The proposed $2.5 billion direct coal-hydrogenation plant would be located on more than 500 acres recently annexed north of Dale between County Roads 2000 North and 2100 North and the old U.S. 231 and County Road 500 East. The project was announced in February, and concerned citizens have been opposing the project since.

According to the proposed plant’s air permit application submitted to the Indiana Department of Environmental Management, the plant would use Veba Combi Cracker technology licensed by the company Kellogg Brown and Root. Although plants using the technology have been proposed in the U.S. in the past, the technology is currently not used anywhere in the nation.
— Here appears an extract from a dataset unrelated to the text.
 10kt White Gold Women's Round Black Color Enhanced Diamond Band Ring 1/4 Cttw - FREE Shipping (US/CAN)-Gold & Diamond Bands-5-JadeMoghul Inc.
According to Riverview Energy, the company proposing the plant, the VCC process is used commercially in China and Russia and the “process starts with using pressure and heat (but not burning or gasifying) to liquify the coal, to which hydrogen is added to improve the quality of the fuel, and from there any waste residue and sulfur is removed from the resulting diesel fuel — making it an ultra-low-sulfur energy source.”

When the proposed plant was first announced earlier this year, Riverview Energy said it would not only convert coal into diesel fuel, but also would convert it into other products like Naphtha, which is used to produce products like plastics and gasoline.

The plant is expected to use 1.6 million tons of coal and produce 4.8 million barrels of clean diesel and 2.5 million barrels of Naphtha each year.

Supporters of the plant see the project as a way to revitalize Dale.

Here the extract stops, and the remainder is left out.